We were given an opportunity to interview Lee Dixon, Amy Lawrence, Alan Smith and David O’Leary before the world premiere of 89, the film documenting Arsenal’s victory over Liverpool at Anfield in 1989.

Andy, from our friends over at The Arsenal History went along, this is his blog.


If you’re an Arsenal fan you’ve probably seen plenty of publicity around the new film “89” that recounts the story of THAT night at Anfield 28 years ago. Today I was lucky enough to be involved in a roundtable Q&A session with some of the stars of the film, along with a number of other renowned Arsenal bloggers.

The session took place at the Renaissance Hotel in St Pancras. If you’re a Harry Potter fan you will recognise it as the hotel from which Harry & Ron drove their flying car from when they missed the Hogwarts Express. It’s a fantastic building, and I expect the rooms are a little out of my budget.

With everyone having arrived on time we were kept waiting for a while, looking expectantly at every movement further along the corridor. Then Michael Thomas just strolled by. We all looked on incredulously as he gave us a smile, leaving us wondering if it was really him.

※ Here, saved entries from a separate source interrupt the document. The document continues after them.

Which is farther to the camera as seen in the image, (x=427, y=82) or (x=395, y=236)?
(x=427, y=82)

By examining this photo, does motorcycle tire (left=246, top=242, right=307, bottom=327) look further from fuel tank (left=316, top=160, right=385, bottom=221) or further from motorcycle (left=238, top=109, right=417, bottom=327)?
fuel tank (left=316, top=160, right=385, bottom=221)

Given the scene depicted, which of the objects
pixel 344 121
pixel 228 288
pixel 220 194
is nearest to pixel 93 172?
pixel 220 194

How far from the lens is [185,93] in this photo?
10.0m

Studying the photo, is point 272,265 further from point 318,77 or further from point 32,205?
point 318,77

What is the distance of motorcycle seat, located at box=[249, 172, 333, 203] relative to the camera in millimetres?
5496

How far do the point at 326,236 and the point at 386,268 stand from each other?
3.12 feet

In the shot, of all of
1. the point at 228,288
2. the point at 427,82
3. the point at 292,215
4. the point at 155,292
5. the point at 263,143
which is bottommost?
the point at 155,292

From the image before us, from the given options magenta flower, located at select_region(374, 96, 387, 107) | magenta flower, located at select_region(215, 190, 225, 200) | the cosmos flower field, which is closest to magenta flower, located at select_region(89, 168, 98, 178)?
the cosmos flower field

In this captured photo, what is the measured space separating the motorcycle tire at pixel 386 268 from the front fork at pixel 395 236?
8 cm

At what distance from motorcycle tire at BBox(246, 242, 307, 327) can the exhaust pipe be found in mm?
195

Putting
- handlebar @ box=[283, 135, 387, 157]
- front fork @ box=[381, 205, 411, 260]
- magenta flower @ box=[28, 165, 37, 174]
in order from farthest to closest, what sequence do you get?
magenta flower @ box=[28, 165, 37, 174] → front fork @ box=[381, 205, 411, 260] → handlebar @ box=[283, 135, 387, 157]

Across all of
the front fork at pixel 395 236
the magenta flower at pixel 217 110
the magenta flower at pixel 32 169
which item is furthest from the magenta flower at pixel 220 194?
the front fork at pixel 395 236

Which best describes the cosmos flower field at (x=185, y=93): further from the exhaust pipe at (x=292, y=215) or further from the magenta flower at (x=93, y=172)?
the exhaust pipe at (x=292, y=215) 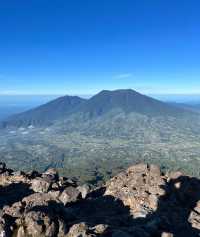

We were split into two groups, and each group was ushered into a room – Lee Dixon and Amy Lawrence were already waiting for us. I don’t think any of us knew exactly what we were supposed to be doing but having been told we only had 15 minutes we quickly set about asking questions.

I asked Lee when, following a fairly inconsistent start to the season, the team started to believe that they had a chance of winning the league. Lee said that it wasn’t until around Christmas when they were top that they thought “we’re a long way into the season and still up there so we must be doing something right.” That was a culmination of what they had been practising on the training pitch over a number months starting to come to fruition. By then they had become somewhat fearless; this mixture of one group of talented young kids from London and another of “lower league reprobates” who were keen and hungry, and happy to be disciplined by George Graham because it meant that they were winning.

And as a follow up: did they think that they had cocked it up towards the end of the season as we faltered and Liverpool finished like a steam train? “Most days” was the answer. As they got closer to the prize, fear kicked in. The Derby defeat was big but not too bad as we had Wimbledon at home. However, that draw made them think, “uh-oh” especially as that was pretty much the reaction they felt from the crowd as well. It was at this point that they thought they had messed it up because it was inevitable that Liverpool would beat West Ham leaving them with an almost impossible task.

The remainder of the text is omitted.